Diante desses problemas e dos desafios da transição energética, os atingidos querem participar desse processo, tornando-o mais popular e em sintonia com a realidade do povo das Amazônias. Surge, assim, a necessidade de implantar projetos de geração de energia descentralizada e de baixo impacto, sob coordenação dos atingidos, com o objetivo de baratear os custos, ampliar o acesso e possibilitar o desenvolvimento de tecnologias populares.
Soberania alimentar
Os participantes também apontaram a necessidade de fortalecer a produção de alimentos saudáveis, tendo como sujeitos os atingidos que historicamente praticam a agricultura familiar, como as populações assentadas às margens das rodovias, os ribeirinhos que vivem, sobretudo, da pesca e as populações das periferias urbanas, onde é grande a insegurança alimentar.
As demandas apontadas envolvem desde incentivo à produção em hortas urbanas, projetos para facilitar o escoamento e a venda da produção familiar e agroecológica, políticas para garantir a pesca tradicional nas regiões ameaçadas por grandes projetos e incentivo à criação de peixes em tanques-rede.

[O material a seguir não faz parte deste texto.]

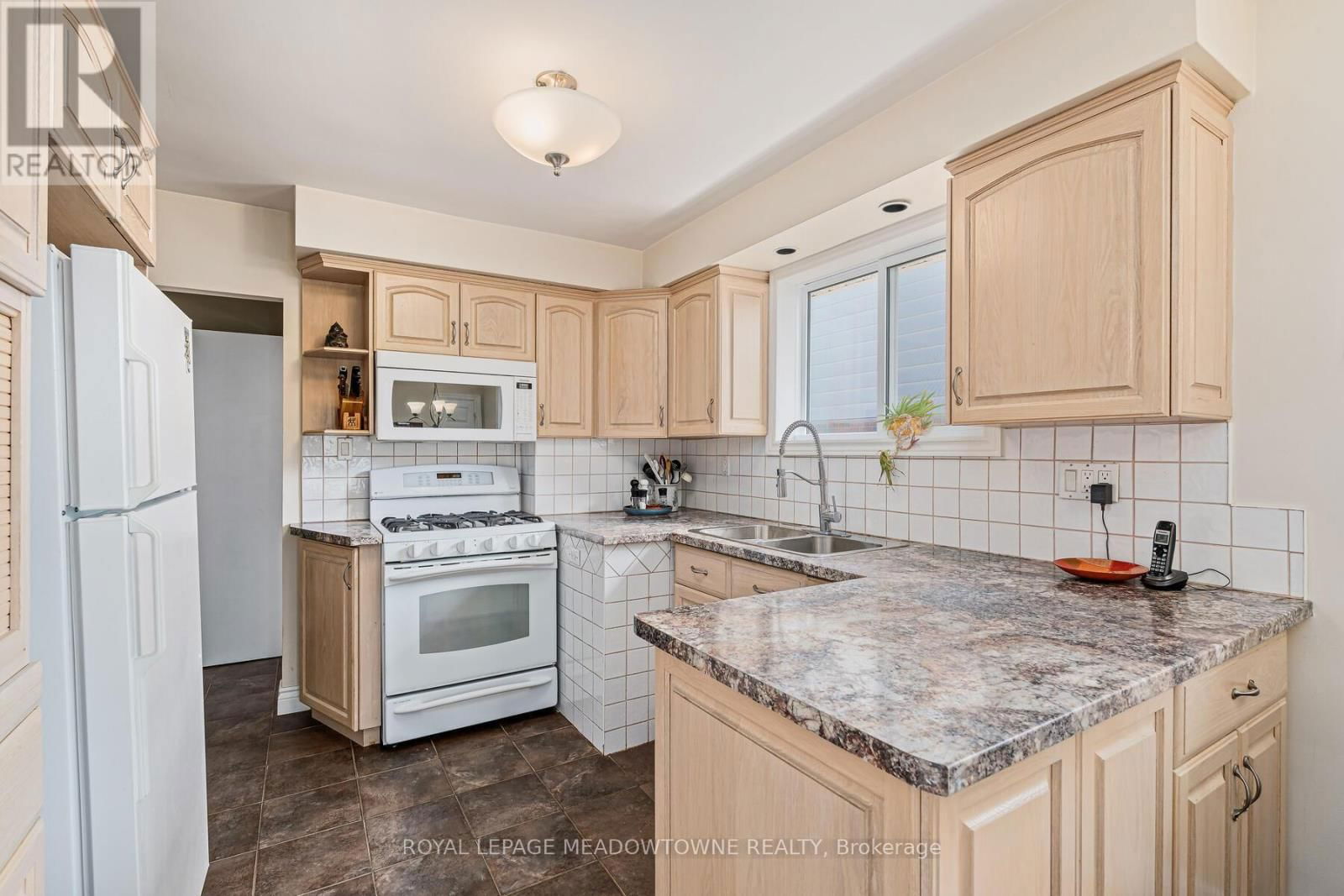 30 GREYSTONE CRESCENT Image 13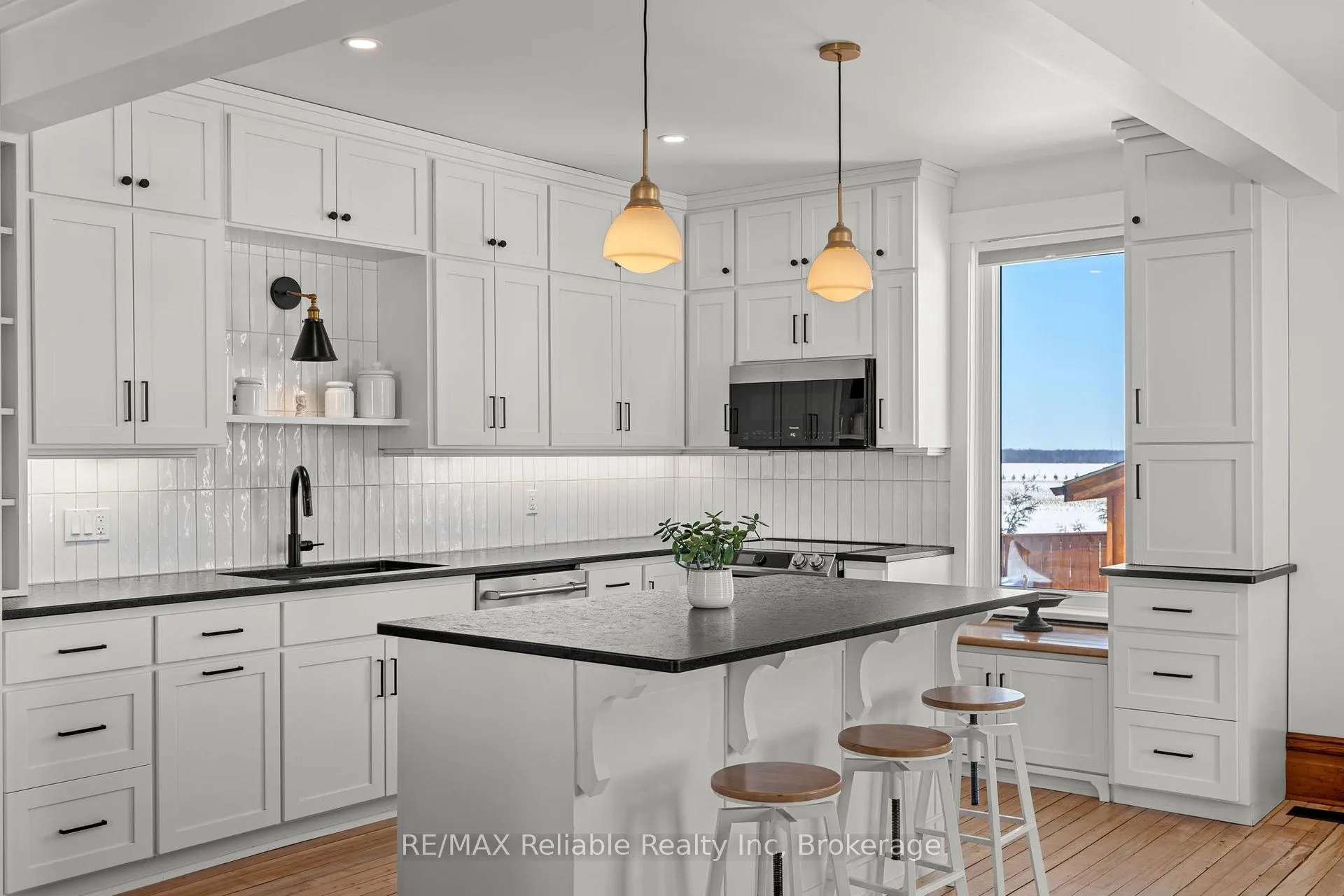 Photo 15 of 43497 Winthrop Road, Huron East, McKillop — HOMEH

Protagonismo das mulheres e juventude
O MAB, em geral, conta com um grande protagonismo das mulheres atingidas na construção do Movimento e nas lutas em defesa dos territórios. No entanto, é possível avançar mais. Por isso, as mulheres também têm uma demanda específica: a construção de uma rede de proteção, envolvendo o tema da segurança, cuidados com a saúde e a formação política para qualificar sua liderança nos territórios.
Além disso, os participantes ressaltaram a importância da formação para juventude, tanto no campo quanto na cidade, além de projetos de educação, com cursinho popular e alfabetização de jovens e adultos. Para isso, uma das ideias é a construção de um Centro de Formação dos Atingidos.